By the 1980s the biggest Trotskisant group was Militant, led by Ted Grant and Peter Taaffe. Militant came to dominate the Liverpool labour movement and had a block of Labour councillors to control events. In July 1984, when the miners’ strike was at its height, Militant chose to do a short-term deal with the Tories. Derek Hatton and his friends bought themselves safety from prosecution for a year. Once the miners were beaten, the Tories came back for them, and Labour leader Neil Kinnock completed the rout.

The SWP stood aside from the Benn surge and the Labour Party, smirking behind Tony Cliff’s silly analogy: “If you want to push a wheelbarrow, you don’t sit in it”. In 1979, as the Labour left erupted, the SWP turned away from the labour movement and towards exclusive focus on building themselves as a toy-town pseudo-Bolshevik “party”. Their shibboleth, the “theory of the downturn” meant when the miners went on strike, the SWP denounced support groups as “left-wing Oxfam”. The SWP appealed to Labour activists to “join the socialists” – to abandon the fight in the mass political labour movement and join those who preached that general fightback was hopeless.

The Orthodox “Fourth International” led by Ernest Mandel spawned the IMG in Britain. It was a wildly unstable organisation, kept together by a common adherence to “the International”. The IMG zig-zagged in and out of the Labour Party. More recently its remnants sojourned in George Galloway’s Respect, then the Green Left faction of the Green Party, followed by Left Unity. It breeds and bequeaths political confusion. In France, the Mandelite organisation (NPA) drifts towards social democratic norms: a party of “adherents” rather than activists, where members in official union positions are outside party supervision, where the party’s publications are desultorily produced and little circulated.

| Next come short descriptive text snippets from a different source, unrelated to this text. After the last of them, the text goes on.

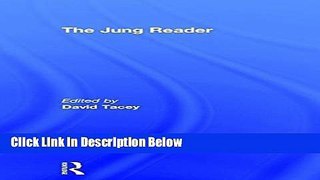 Ebook The Jung Reader Free Online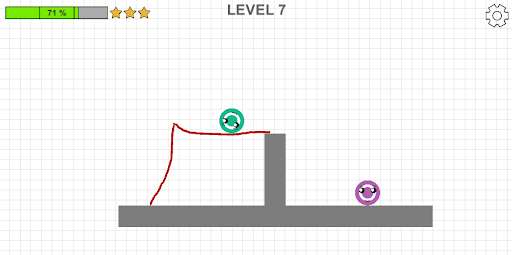 Run android online APK Love Ball from MyAndroid or emulate Love Ball using MyAndroid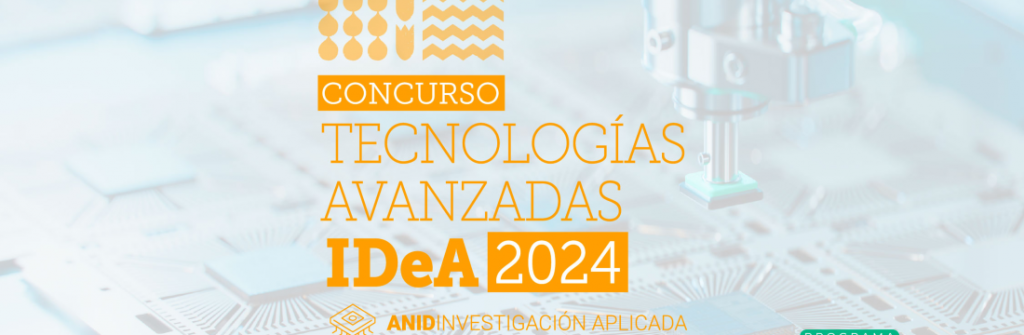 idea tecnologías avanzadas 2024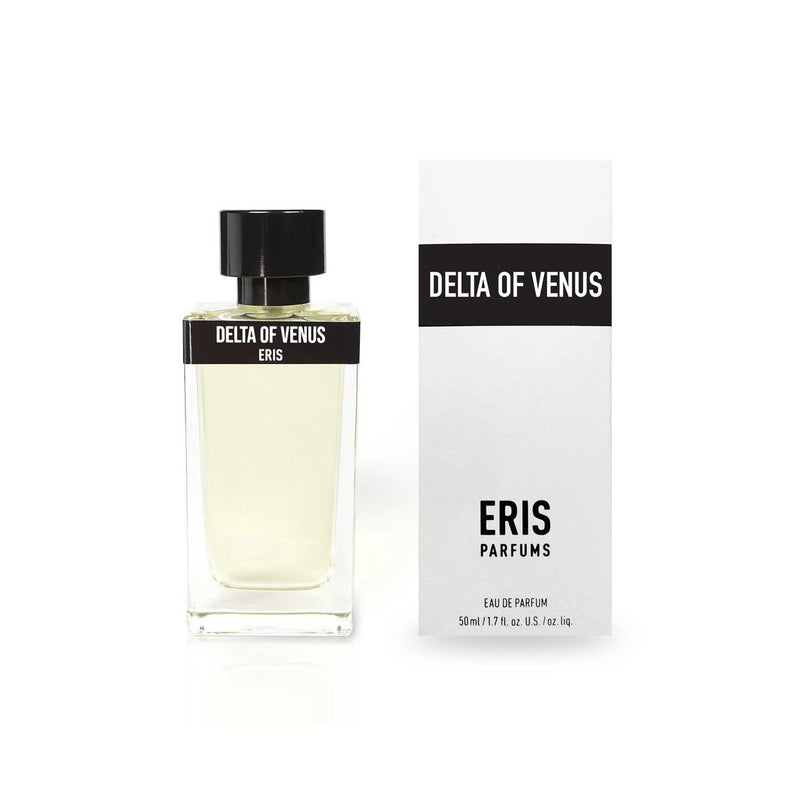 ERIS Parfums Delta Of Venus eau de parfum 50ml (British brand)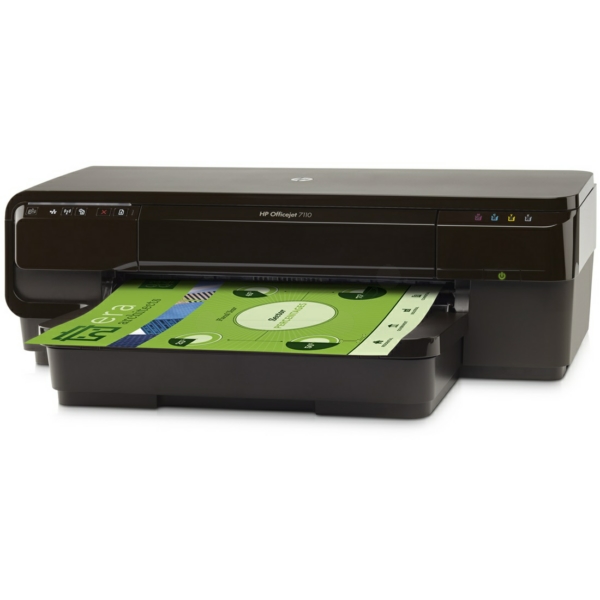 OfficeJet 7110 Series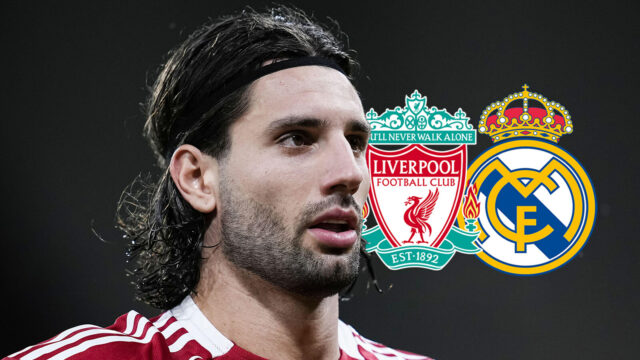 Szoboszlai „požaduje astronomický“ nový plat po tom, čo hviezda Reds „spozorovala“ v Reale Madrid
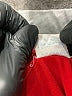 Assorted Brands Red Pullover Sweater Size L - photo 8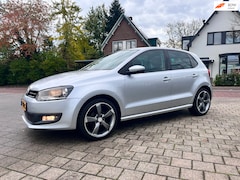 Volkswagen Polo - 1.2 Highline Ecc Cruise Isofix Trekh 5dr NWe Ketting NW APK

A lot of people who think of themselves as Marxists have grown indifferent or hostile to any project of building a Marxist organisation. They march under the idea that they should “develop the influence of Marxism” by promoting left-wing ideas in the existing broad labour movement. They claim no socialist organisation beyond the Labour Party and its coteries is needed. But it is impossible to meaningfully develop the “influence of Marxism” as a revolutionary force without building a revolutionary organisation. The experience of Russia, Germany, Spain, France, Chile and countless other class struggles demonstrates this beyond doubt.

In Shachtman’s texts, he brilliantly deconstructs the arguments Erber had used to rationalise giving up on revolutionary Marxist politics. He shows how Erber slipped from a critique of the 1917 Russian revolution into the prettification of New Deal USA. Shachtman expertly laid out the Marxist theory of the bourgeois state to expose Erber’s descent into social democratic reformism. He exposed how Erber’s anti-Stalinism drove him away from the socialist project of working class self-emancipation. Objections to Marxism invariably become an admonishment against workers daring to take power and rule in their own class interests.

Shachtman also explained the kind of revolutionary party necessary for the working class to free itself. Recalling the best days of the Bolsheviks, he showed that such a party must analyse reality and take its own theory seriously. Only through democratic debate and the fight for clarity can a Marxist tendency thrive to transform the existing labour movement.

Shachtman recognised the tremendous pressures exerted on working class socialists by the mechanisms of capitalism and the terror of Stalinism. The only answer is to build up and develop our intellectual resources and weld an activist force that fights for those ideas.

Socialist consciousness is the irreplaceable condition of working class self-liberation: this book shows why we fight for it.